● **Your instructions**
From the entries below, gather every line containing the string "Casual".

(Stored items)
= Beginning of Section =

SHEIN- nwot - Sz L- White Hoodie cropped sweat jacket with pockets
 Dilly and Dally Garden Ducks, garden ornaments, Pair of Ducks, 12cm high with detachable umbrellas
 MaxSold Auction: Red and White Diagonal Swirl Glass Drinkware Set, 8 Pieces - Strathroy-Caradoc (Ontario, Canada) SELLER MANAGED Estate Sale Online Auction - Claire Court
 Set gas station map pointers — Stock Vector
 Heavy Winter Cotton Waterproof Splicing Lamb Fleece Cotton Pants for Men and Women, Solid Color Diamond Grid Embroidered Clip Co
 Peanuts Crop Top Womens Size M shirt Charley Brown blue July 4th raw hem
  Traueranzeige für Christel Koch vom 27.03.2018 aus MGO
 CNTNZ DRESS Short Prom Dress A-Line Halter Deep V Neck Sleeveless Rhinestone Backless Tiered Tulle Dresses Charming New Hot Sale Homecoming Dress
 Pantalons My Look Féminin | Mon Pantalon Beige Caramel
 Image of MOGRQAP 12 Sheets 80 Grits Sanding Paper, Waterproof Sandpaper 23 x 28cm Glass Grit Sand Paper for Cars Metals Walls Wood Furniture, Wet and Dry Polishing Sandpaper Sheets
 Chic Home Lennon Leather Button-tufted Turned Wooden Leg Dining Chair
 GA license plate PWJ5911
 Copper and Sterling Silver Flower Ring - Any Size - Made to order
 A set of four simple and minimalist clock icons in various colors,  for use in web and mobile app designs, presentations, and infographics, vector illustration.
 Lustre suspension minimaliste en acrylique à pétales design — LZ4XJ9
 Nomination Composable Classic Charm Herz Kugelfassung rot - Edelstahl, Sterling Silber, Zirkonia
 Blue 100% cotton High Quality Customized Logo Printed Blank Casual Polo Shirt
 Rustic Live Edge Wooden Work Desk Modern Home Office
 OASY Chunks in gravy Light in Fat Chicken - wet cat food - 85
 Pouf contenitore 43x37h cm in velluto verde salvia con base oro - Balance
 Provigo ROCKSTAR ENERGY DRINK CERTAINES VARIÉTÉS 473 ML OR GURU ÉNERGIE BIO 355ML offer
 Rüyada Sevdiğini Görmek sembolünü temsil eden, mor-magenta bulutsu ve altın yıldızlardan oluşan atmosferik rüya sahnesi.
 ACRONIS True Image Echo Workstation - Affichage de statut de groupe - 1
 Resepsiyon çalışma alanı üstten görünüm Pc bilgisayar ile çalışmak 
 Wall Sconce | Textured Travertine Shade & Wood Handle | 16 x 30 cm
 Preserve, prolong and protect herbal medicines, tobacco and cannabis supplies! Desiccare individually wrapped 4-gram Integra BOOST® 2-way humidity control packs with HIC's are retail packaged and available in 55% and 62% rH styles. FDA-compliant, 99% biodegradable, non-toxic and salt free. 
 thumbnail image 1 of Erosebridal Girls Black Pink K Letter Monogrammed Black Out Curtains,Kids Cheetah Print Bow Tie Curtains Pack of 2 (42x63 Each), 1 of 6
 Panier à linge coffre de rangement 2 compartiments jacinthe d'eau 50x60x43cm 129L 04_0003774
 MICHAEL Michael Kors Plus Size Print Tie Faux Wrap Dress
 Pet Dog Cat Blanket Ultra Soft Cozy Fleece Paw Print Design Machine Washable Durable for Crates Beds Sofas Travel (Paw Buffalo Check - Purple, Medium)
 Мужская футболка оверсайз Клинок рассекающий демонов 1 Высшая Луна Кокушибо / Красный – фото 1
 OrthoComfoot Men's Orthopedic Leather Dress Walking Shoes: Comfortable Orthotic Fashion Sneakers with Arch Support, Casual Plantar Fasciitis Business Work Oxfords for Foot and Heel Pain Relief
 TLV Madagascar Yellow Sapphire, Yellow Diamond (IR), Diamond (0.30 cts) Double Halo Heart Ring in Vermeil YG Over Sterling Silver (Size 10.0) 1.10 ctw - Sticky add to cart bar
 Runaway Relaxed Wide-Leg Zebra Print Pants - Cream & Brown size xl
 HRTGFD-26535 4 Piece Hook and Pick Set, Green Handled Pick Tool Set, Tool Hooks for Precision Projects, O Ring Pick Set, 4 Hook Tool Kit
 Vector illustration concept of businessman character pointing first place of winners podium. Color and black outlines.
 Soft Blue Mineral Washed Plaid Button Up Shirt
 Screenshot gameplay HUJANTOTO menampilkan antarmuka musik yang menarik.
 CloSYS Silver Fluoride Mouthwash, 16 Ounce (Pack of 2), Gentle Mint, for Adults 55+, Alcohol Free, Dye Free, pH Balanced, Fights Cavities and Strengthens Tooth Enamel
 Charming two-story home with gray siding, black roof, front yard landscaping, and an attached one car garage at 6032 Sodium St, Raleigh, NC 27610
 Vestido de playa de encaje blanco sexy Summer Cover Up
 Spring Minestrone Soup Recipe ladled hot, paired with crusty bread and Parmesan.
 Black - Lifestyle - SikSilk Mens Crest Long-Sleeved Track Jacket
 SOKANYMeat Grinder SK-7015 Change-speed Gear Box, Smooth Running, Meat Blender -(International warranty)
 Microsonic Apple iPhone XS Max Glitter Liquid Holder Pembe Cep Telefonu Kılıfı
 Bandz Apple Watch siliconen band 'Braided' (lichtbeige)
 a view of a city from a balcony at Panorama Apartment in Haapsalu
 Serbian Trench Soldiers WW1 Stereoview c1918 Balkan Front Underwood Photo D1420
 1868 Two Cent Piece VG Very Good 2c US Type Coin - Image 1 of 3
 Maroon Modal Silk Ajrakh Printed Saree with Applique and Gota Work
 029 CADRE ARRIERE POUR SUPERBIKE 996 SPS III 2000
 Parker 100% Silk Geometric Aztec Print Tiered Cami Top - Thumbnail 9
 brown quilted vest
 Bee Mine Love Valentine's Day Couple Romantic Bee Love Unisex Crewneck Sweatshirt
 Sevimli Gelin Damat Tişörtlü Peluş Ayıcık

= End of Section =

● **Result of this exercise**
 Blue 100% cotton High Quality Customized Logo Printed Blank Casual Polo Shirt
 OrthoComfoot Men's Orthopedic Leather Dress Walking Shoes: Comfortable Orthotic Fashion Sneakers with Arch Support, Casual Plantar Fasciitis Business Work Oxfords for Foot and Heel Pain Relief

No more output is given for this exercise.